Only the lines in the entries below from the line with "une salle de" to the line with "Open door image", both included, belong in the answer, transcribed exactly and without pictures.

** Provided records follows **

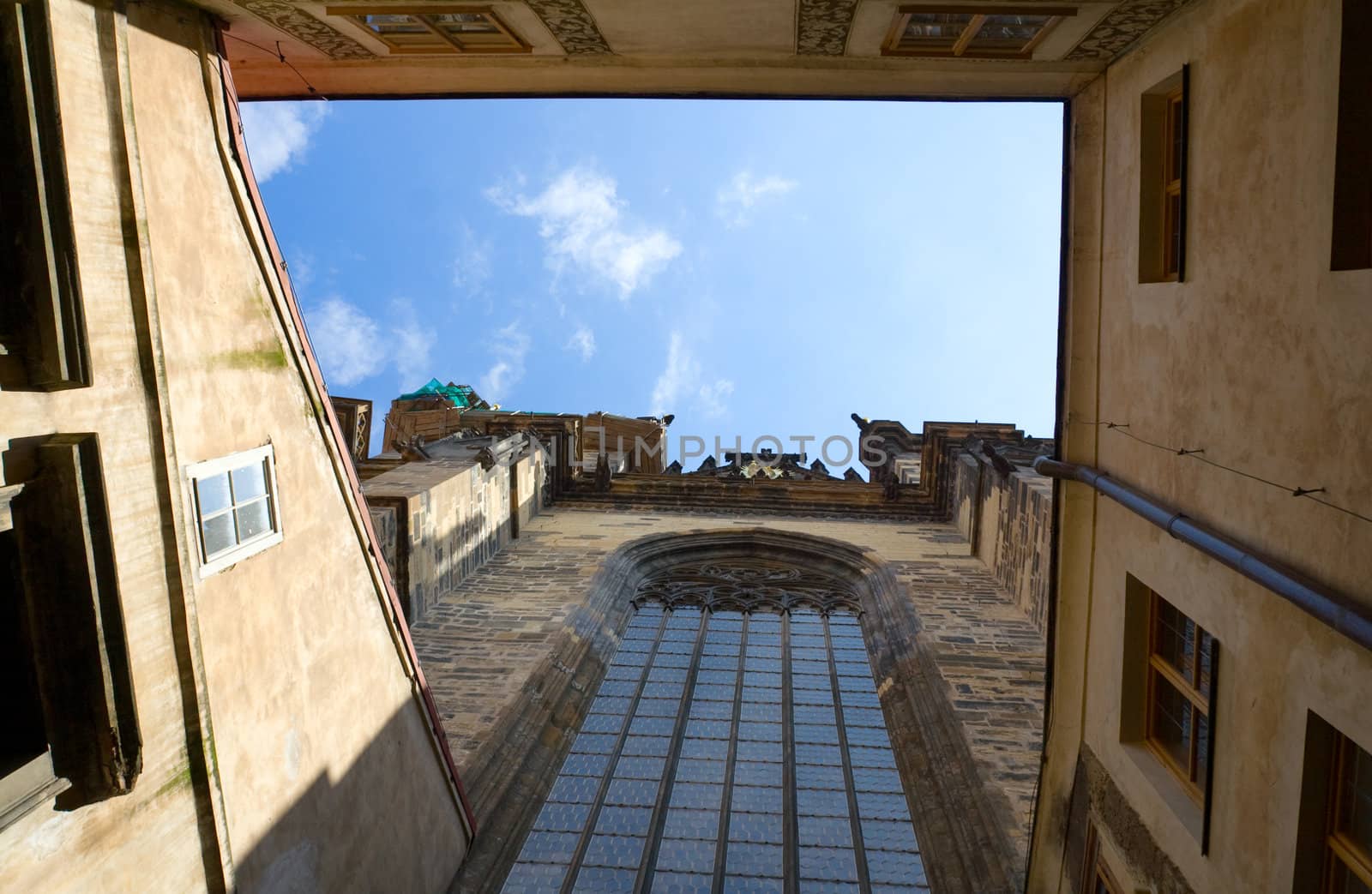 View on blue cloudy sky from inner encloused court of stone catholic gothic church of Virgin Mary Before Tyn with round-headed glass window in Prague Czech Republic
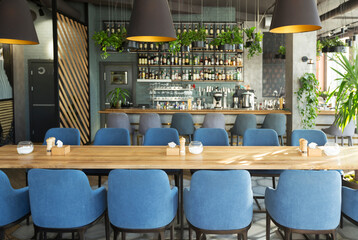 Modern cafe with places for rest and eating with big counter, cozy interior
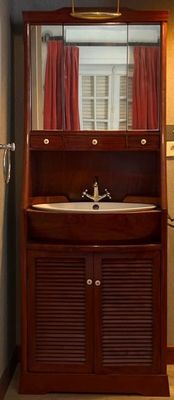 une salle de bains équipée d'un lavabo, d'un miroir et d'une armoire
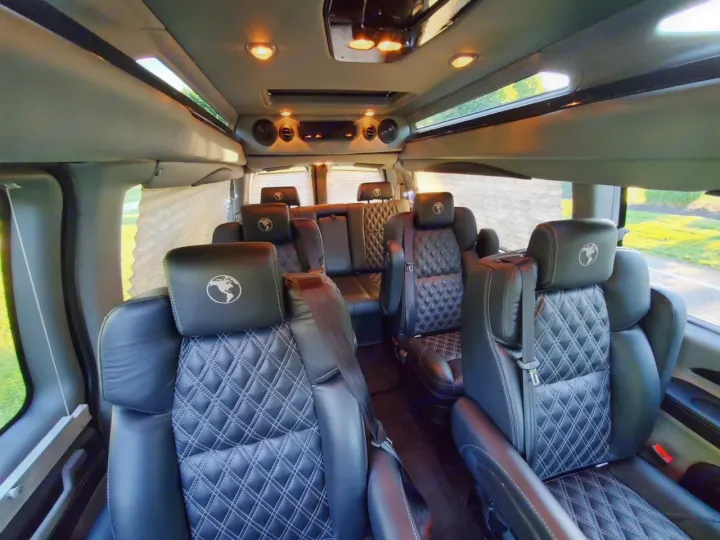 RV rental: Plush, spacious interior with black leather diamond-stitched captain's chairs. Bright light fills the cabin.. Chevy Luxury Splinter Express Express Conversion Van 2024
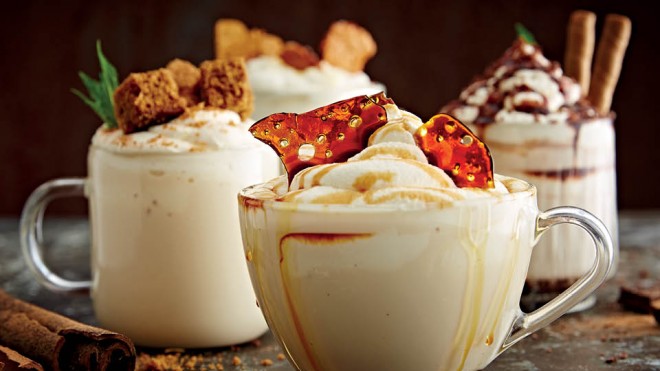 White Hot Chocolate served in glass cups with various toppings including caramel, cinnamon and biscuits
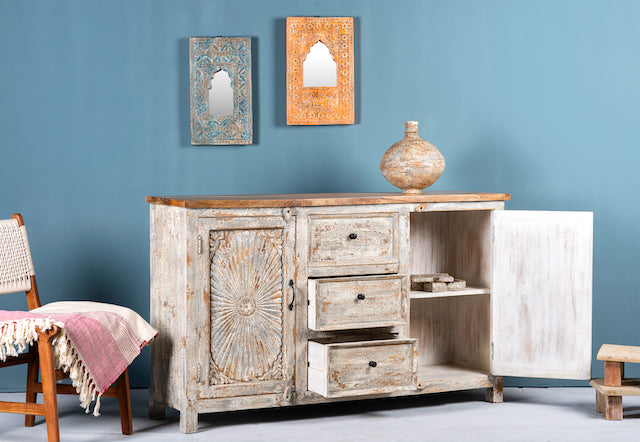 Open door image of a handcrafted carved sideboard made from solid mango wood with floral motifs, antique layered finish, and natural wood top; artisan vintage furniture, 150 × 40 × 90 cm.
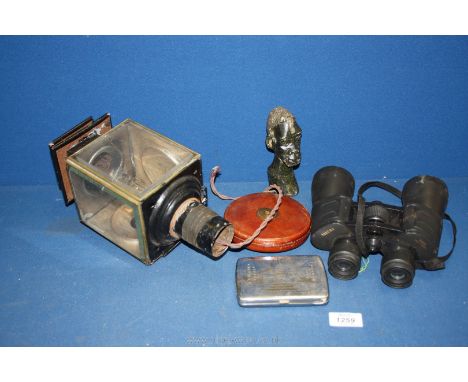 A pair of 20 x 50 Sakura binoculars, a leather bound 'John Rabone &amp; Sons Birmingham' metal tape measure measuring up to 1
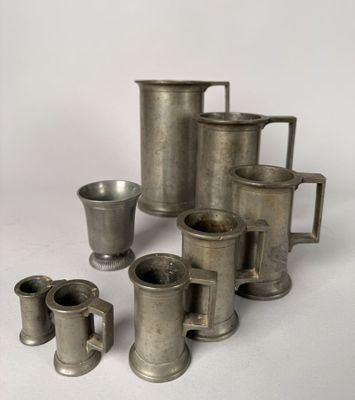 a lot of silver cups and mugs sitting on a table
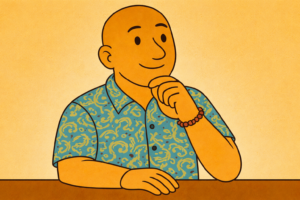 David Hennessy, Clinical Psychologist in Varsity Lakes, Gold Coast, sitting thoughtfully with hand on chin, wearing a blue paisley shirt and bead bracelet, reflecting on how personal narratives influence the nervous system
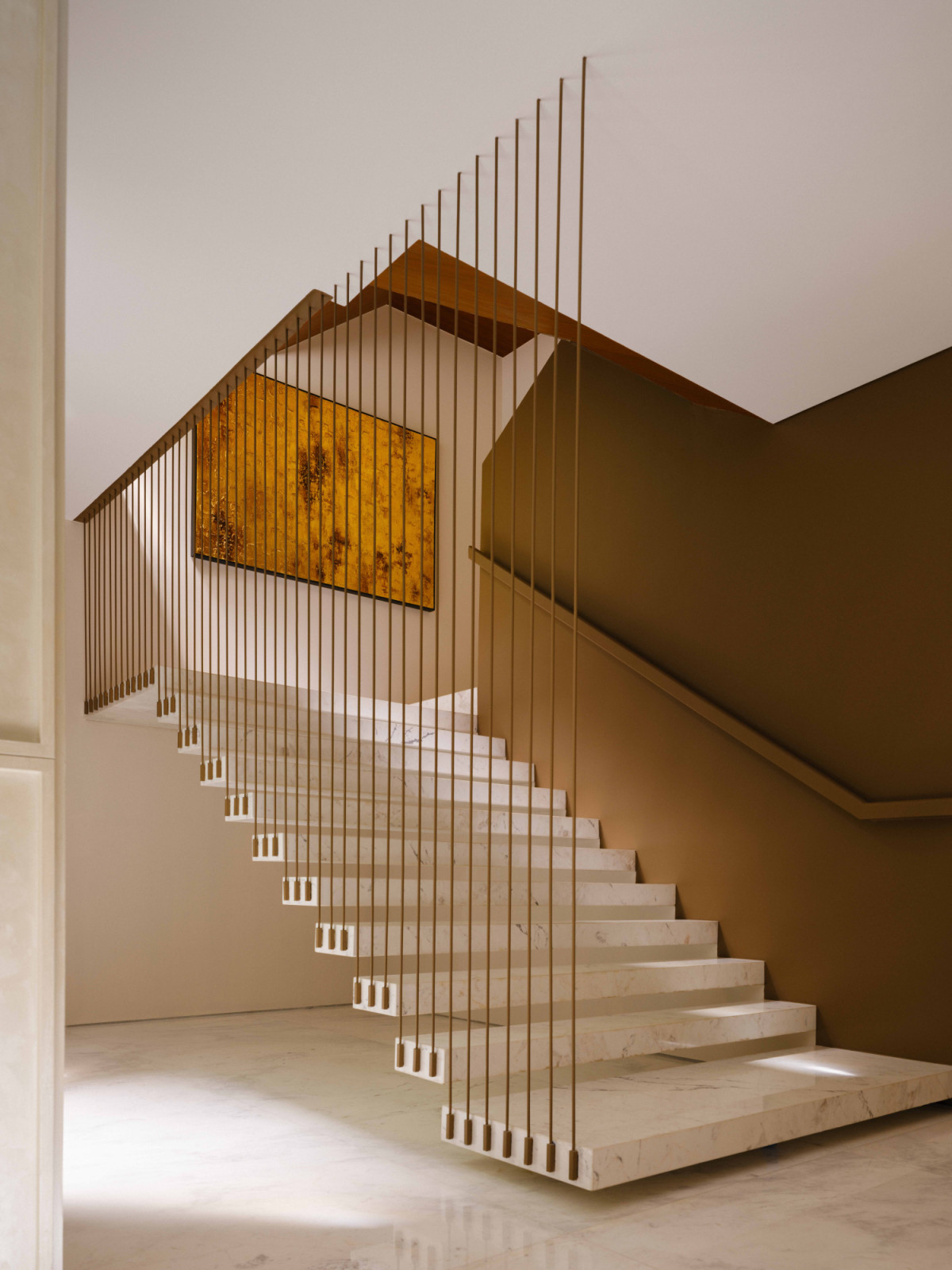 The main staircase ascends through a curtain of slender gold balusters, with a luminous gold artwork anchoring the landing above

** End of Provided records **

* **Solution for this task**:
 une salle de bains équipée d'un lavabo, d'un miroir et d'une armoire
 RV rental: Plush, spacious interior with black leather diamond-stitched captain's chairs. Bright light fills the cabin.. Chevy Luxury Splinter Express Express Conversion Van 2024
 White Hot Chocolate served in glass cups with various toppings including caramel, cinnamon and biscuits
 Open door image of a handcrafted carved sideboard made from solid mango wood with floral motifs, antique layered finish, and natural wood top; artisan vintage furniture, 150 × 40 × 90 cm.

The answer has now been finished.